Um dos conceitos que mais marcou meus estudos aprendi numa aula durante o mestrado. Nas palavras do professor de contabilidade na época, “pro-forma” é tudo aquilo que não é, mas seria se fosse.

Seria cômico, não fosse trágico. Na época, trabalhava na área de relações com investidores (RI) e escrever releases de resultados era parte da minha rotina. Não raro via demonstrações financeiras não auditadas com expressões como “pro-forma”, “não recorrente” ou “caixa” (em contraposição a “contábil”), entre outras.

Quando se comunica com o mercado, um bom profissional de RI tenta sempre fornecer informações detalhadas e complementares aos dados contábeis. Em outras palavras, tem alguma “liberdade poética” ao reportar os números – desde que ela ajude analistas e investidores a entender melhor o momento operacional da empresa. O que nem sempre é possível só com o balanço auditado.

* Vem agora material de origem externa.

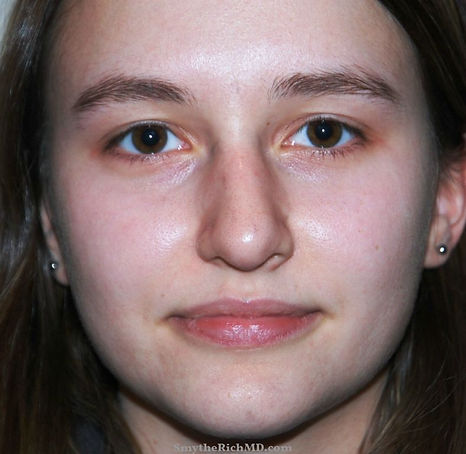 Rhinoplasty1-frontview-before.jpg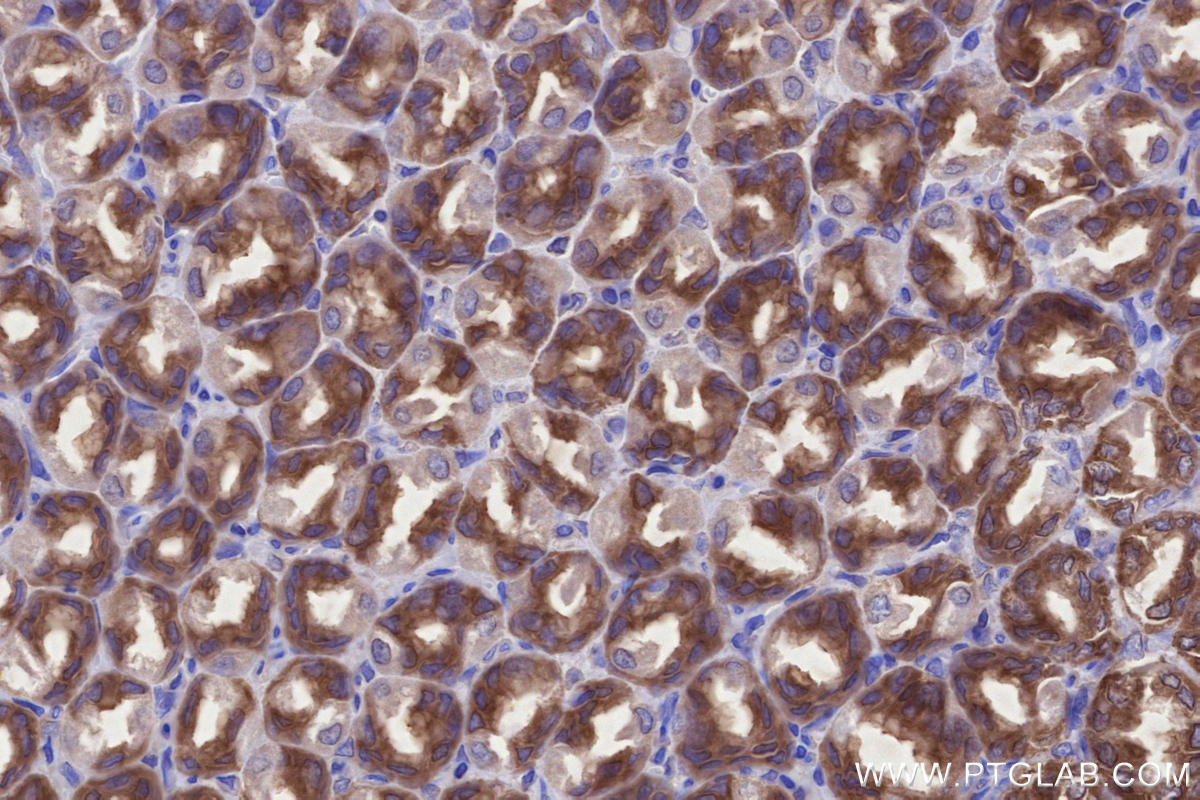 Immunohistochemistry (IHC) staining of rat stomach tissue using ABI1 Polyclonal antibody (27387-1-AP)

Não se trata de uma apologia à contabilidade criativa. Apenas admito que a rigidez das normas contábeis muitas vezes compromete a compreensão do momento operacional da empresa.

Dito isso, não é exagero afirmar que analisar uma empresa a partir das demonstrações contábeis é a segunda pior forma de avaliá-la. Em primeiro lugar estão empatadas todas as demais maneiras de fazê-lo.

Reconheço a importância dos feitos de Luca Pacioli, considerado o pai da contabilidade. Mas não deixo de questionar os vários padrões existentes – BR GAAP, US GAAP, IFRS, contabilidade regulatória, e por aí vai.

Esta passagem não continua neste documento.